We welcome proposals for an edited volume which aims to reconsider and situate Hanns Heinz Ewers’ (1871-1943) literary, journalistic and filmic work within central discourses of social and aesthetic Modernism. We thereby hope to gain new insights into concepts and theoretical (re-)constructions of modernity and Modernism, in particular with reference to Andreas Huyssen’s thesis of the ‘Great Divide’, according to whom, the idea of a now canonical differentiation between – on the one hand – a ‘high’ literature of avant-garde Modernism and a ‘stunted’ popular literature aimed at consumption by the masses – on the other – must be reconsidered. Although Huyssen’s model itself requires critical re-evaluation, his objection to such binaries of high/low is based on the fact that it is in fact an a posteriori construction dependent on Horkheimer/Adorno’s model of the “Culture Industry” which is barely upheld by the actual cultural production since 1900. As such, one needs to question the generally uncritically deployed distinction between serious (i.e. formally complex) ‘Modernism’ and trivial (i.e. less form-intensive) ‘popular literature’ by consulting the actual texts and practices in the literary field after 1900. Contemporary frames of reference include, for example, Walter Benjamin’s proposed dialectics of a de-auratization of the artistic artefact (understood by Adorno as “dialectic self-annihilation of mythology”) which transcends the supposedly established dichotomy of authenticity versus artificiality (Gumbrecht).

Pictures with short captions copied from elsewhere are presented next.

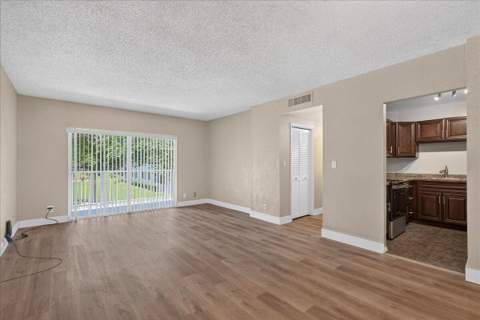 4200 Hillcrest Drive #217, Hollywood FL - photo 12 of 36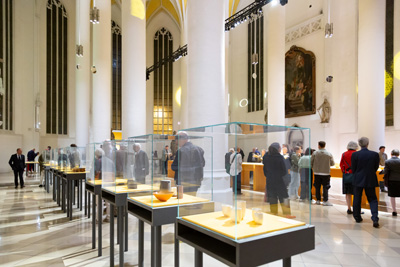 Blick in die Ausstellung in der Heiliggeistkirche in Landshut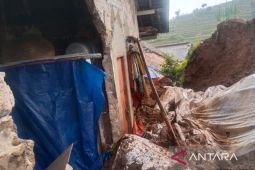 Longsor Cianjur: satu rumah di Sindangjaya rusak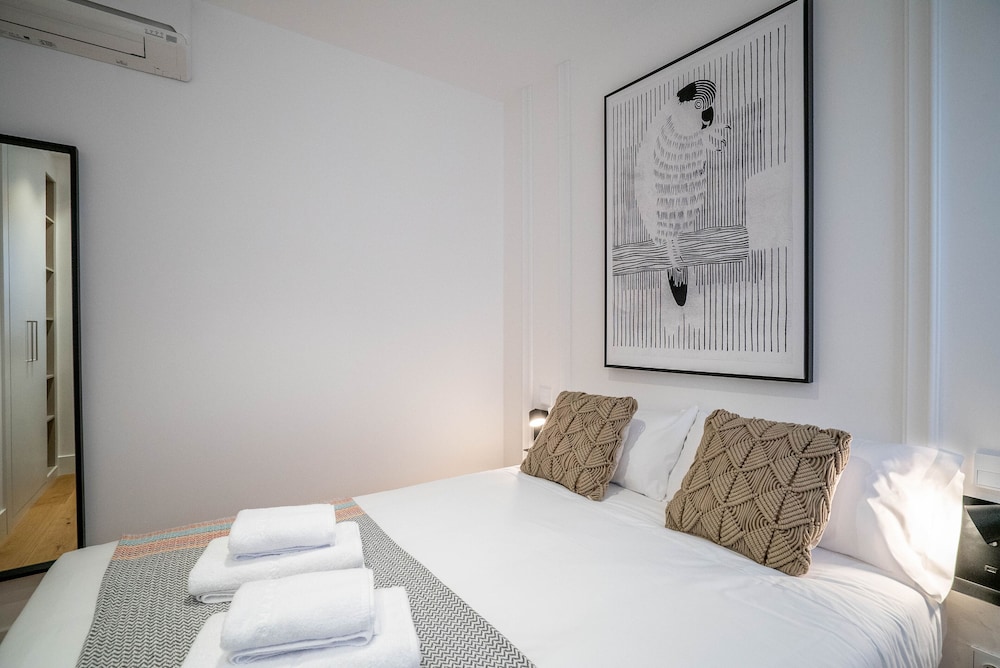 Smartrental Madrid Gran Via apartments 4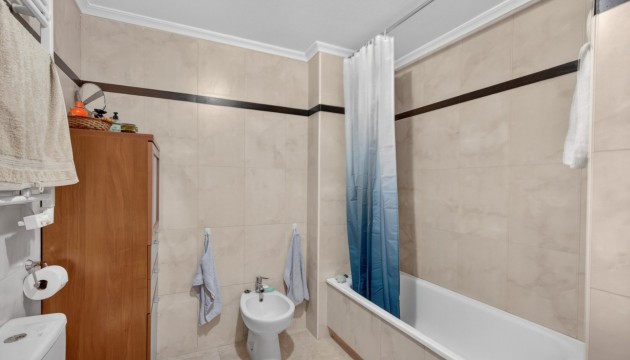 Herverkoop - Apartment - Orihuela Costa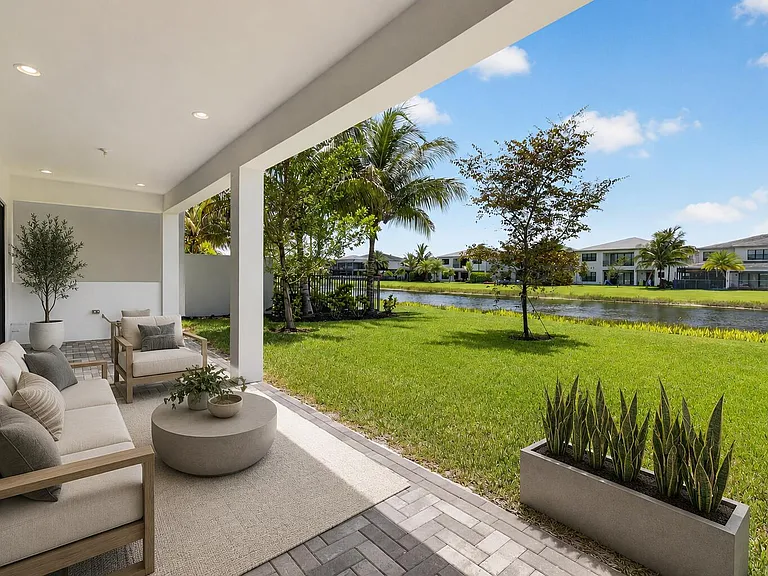 17089 Rainbow Falls Trl — Photo 89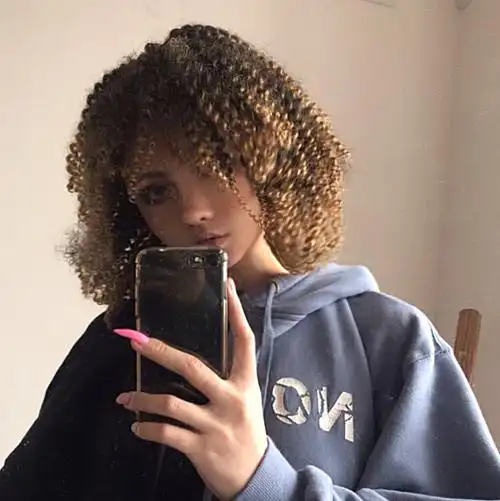 亚洲女生黑人卷爆炸头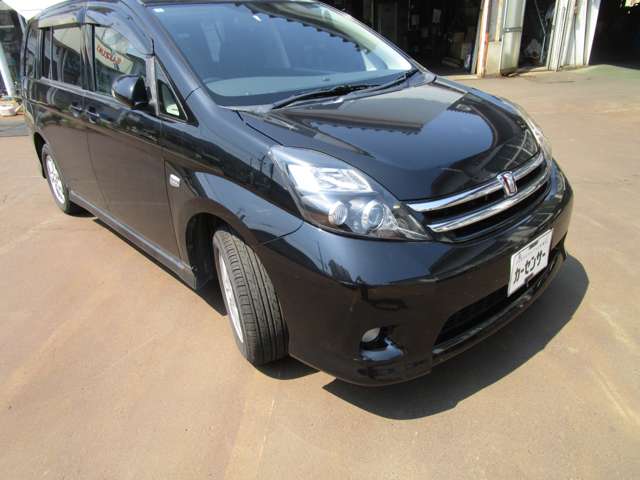 2010 Toyota Isis – thumbnail 3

Our proposed more critical view of these almost too clear-cut dichotomies demands reconsidering the field of the popular which according to Stuart Hall is constantly renegotiated by each successive cultural era, thus calling into question the concept of a solid, timeless ensemble of ‘trivial’ vs. ‘aesthetically valuable’. This does not mean that the categories associated with aesthetically complex ‘Modernism’ (defined with Baßler as being based on abstractness, self-reflexivity and style) and popularity (with an aesthetics based on comprehensibility, entertainment and reduced complexity) should be abandoned entirely as (historically deployed) frames of reference. Following Fredric Jameson’s idea of a fundamental connectedness of popular and aesthetic forms, we instead propose analysing how both emerged as different ‘control values’ in the discourses of literary production and analysis after the “breakdown of older realisms” in the wake of capitalist industrialisation and rationalisation in the 19th century. Thus Marshall Berman has argued that popular cultural artefacts should not be rejected as ‘mass-cultural’ trash, but should rather be re-interpreted as “Modernism in the streets” in order to compare their structurally similar – yet also different – models of social modernity more thoroughly (see Kiesel and Klinger on this definition of literary Modernism).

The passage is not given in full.